Special to The Times

Nostalgic old-time activists in the Jewish and African American communities like to recall the brave days of the civil rights struggles of the 1950s and ‘60s, when they joined hearts and bodies to battle discrimination and segregation. With much of the good fight won, the two ethnic groups drifted apart. Frictions arose in the 1980s over affirmative action, later over the perceived anti-Semitism of Louis Farrakhan and his Nation of Islam, and more recently over often-opposing perspectives on the Israeli-Palestinian conflict.

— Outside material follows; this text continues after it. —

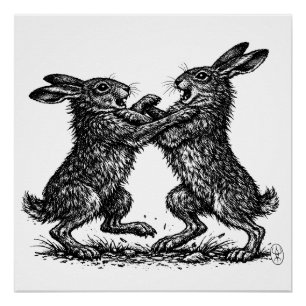 Poster Lièvres Boxeurs – Duel de la forêt ensorcelée à l'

Which explains why Cookie Lommel sees herself as a one-woman bridge between the two groups, intent on reversing the estrangement she thinks is based more on mutual ignorance than hostility. Last year, Lommel was named executive director of the Jewish Labor Committee’s Western region; she’s believed to be the first African American of either gender to run a Jewish organization.

Her friend Joe R. Hicks has seen numerous African American and -Jewish dialogues wax and wane during the last decade. Hicks, an African American, noted that the outreach comes mainly from the Jews..

“When I was with the Black-Jewish Leadership Forum, which broke up in the mid-'90s, I was sometimes the only black face around the table. All the others were Jewish,” said Hicks, the former executive director of the Los Angeles City Human Relations Committee and now vice president of Community Advocates, a privately funded organization focused on race relations.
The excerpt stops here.